Nach § 124 Abs. 1 entscheidet das Gericht, soweit nichts anderes bestimmt ist, aufgrund mündlicher Verhandlung, der als Kernstück des sozialgerichtlichen Verfahrens besondere Wertigkeit im Hinblick auf die Verwirklichung des Anspruchs auf rechtliches Gehör (§ 62, s. hierzu näher unten Ziff. 6) zukommt. Eine Ausnahme hiervon ist die Möglichkeit ohne mündliche Verhandlung durch Gerichtsbescheid zu entscheiden, wenn die Voraussetzungen nach § 105 Abs. 1 S. 1 und 2 vorliegen. Allerdings ist nach einer Entscheidung durch Gerichtsbescheid in der Berufungsinstanz grds. mündlich zu verhandeln (§ 153 Abs. 1 und 4). Ist das Rechtsmittel der Berufung nicht gegeben (d.h. bedarf sie der Zulassung nach § 144 und wurde nicht zugelassen), kann mündliche Verhandlung beim SG beantragt werden (§ 105 Abs. 2 S. 2). Ferner kann generell mit Einverständnis der Beteiligten ohne mündliche Verhandlung entschieden werden (§ 124 Abs. 2). Wirksam ist ein Einverständnis nur, wenn es klar, eindeutig und grds. vorbehaltlos erklärt wird (BSG, Beschl. v. 8.12.2022 – B 7 AS 121/22 B, Rn 6). Fehlt es an einem solchen eindeutigen und vorbehaltlosen Einverständnis, liegt in der gleichwohl vorgenommenen Entscheidung im schriftlichen Verfahren regelmäßig zugleich eine Verletzung des Anspruchs auf rechtliches Gehör (§ 62, Art. 103 Abs. 1 GG, s. u. VI.6.) vor, auf die eine Nichtzulassungsbeschwerde wegen Verfahrensmangel (§ 160a, 160 Abs. 2 Nr. 3) gestützt werden kann (BSG, a.a.O., Rn 8).
Hinweis:
Aus Anwaltssicht ist eine Entscheidung durch Gerichtsbescheid – ohne vorherige mündliche Verhandlung nach § 105 Abs. 2 S. 2 – im Vergleich zur einverständlichen Entscheidung ohne mündliche Verhandlung nach § 124 Abs. 2 gebührenrechtlich nachteilig, da nur bei dem zuletzt genannten Prozedere die fiktive Terminsgebühr nach Ziff. 1 der Anm. zu Nr. 3106 VV RVG anfällt.

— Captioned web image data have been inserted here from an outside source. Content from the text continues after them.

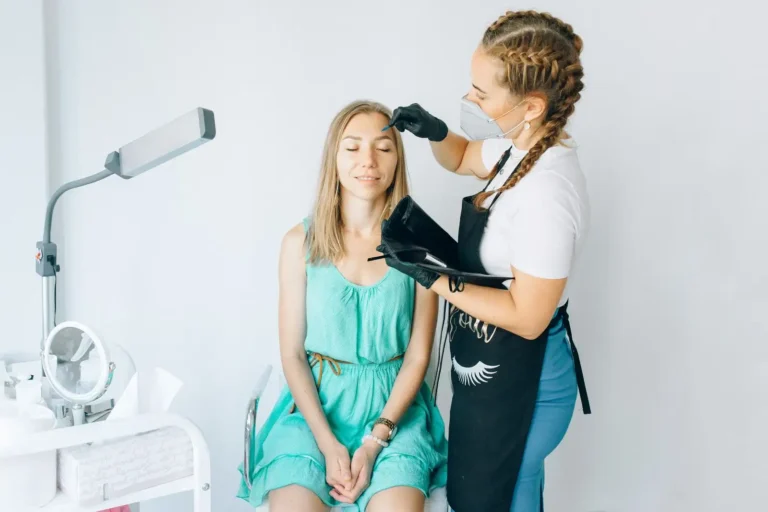 Maquillage permanent : ce qu&rsquo;il faut vraiment savoir avant de se lancer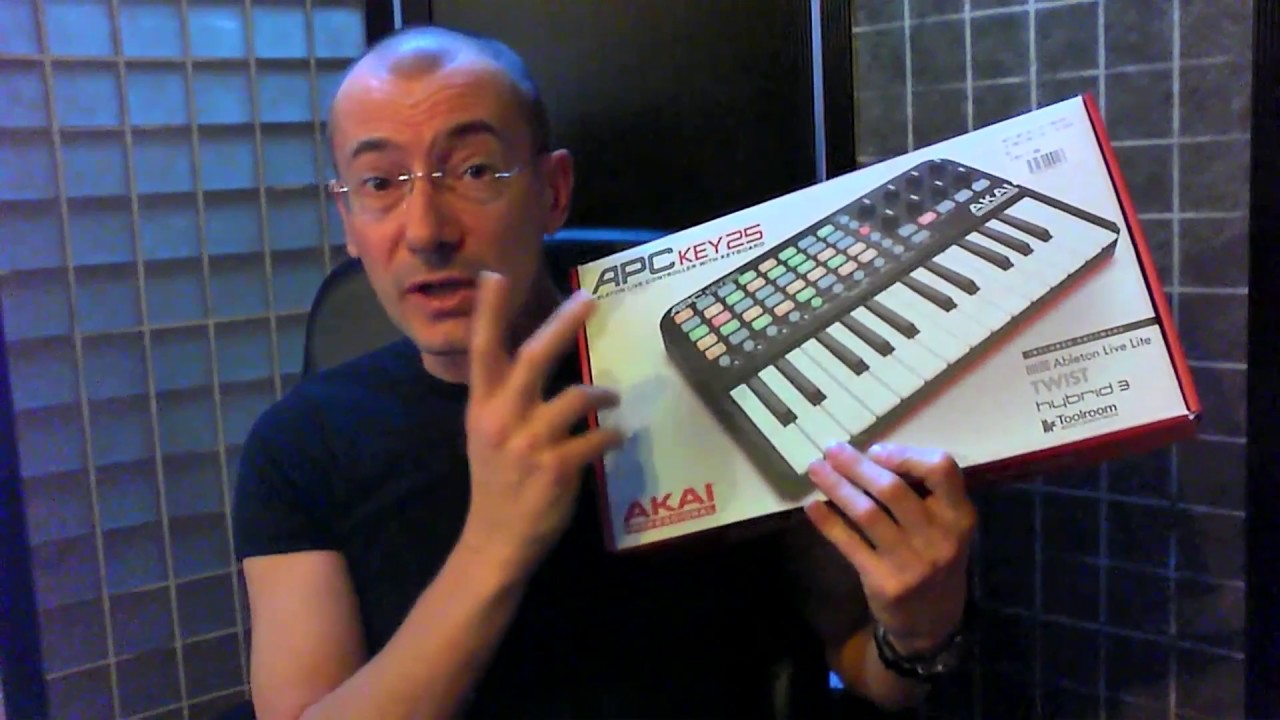 AKAI APC Key 25 Unboxing & Test (ITA)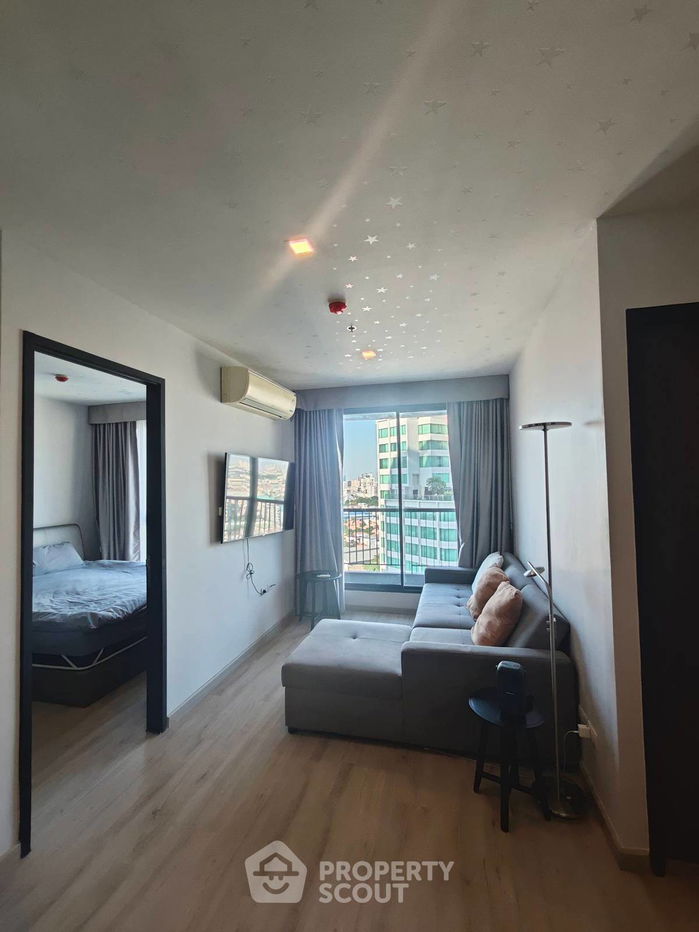 2-BR Condo at Rhythm Sukhumvit 44/1 near BTS Phra Khanong (ID 2480126)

Die Beteiligten müssen die Möglichkeit haben, an der Verhandlung teilzunehmen. Haben Beteiligte ihre Teilnahme an der mündlichen Verhandlung angekündigt und erscheinen sie nicht pünktlich, darf die mündliche Verhandlung erst nach erfolglosem Ablauf einer Wartefrist von 15 Minuten eröffnet werden; haben sie darüber hinaus dem Gericht besondere Schwierigkeiten mit dem rechtzeitigen Erscheinen mitgeteilt, besteht eine Wartefrist von 30 Minuten (HdB-SGG/Groth, Kap. III Rn 24 m.w.N.). Als Gehörsverletzung ist es auch anzusehen, wenn keine rechtzeitige Entscheidung erfolgt über einen Antrag des Klägers auf Zahlung eines Vorschusses für die Teilnahme an der mündlichen Verhandlung (BSG, Beschl. v. 25.4.2023 – B 7 AS 119/22 B, NZS 2023, 703 m. Anm. Bienert) oder über einen Antrag auf Terminverlegung (BSG, Beschl. v. 8.3.2023 – B 7 AS 107/22 B, NZS 2023, 718).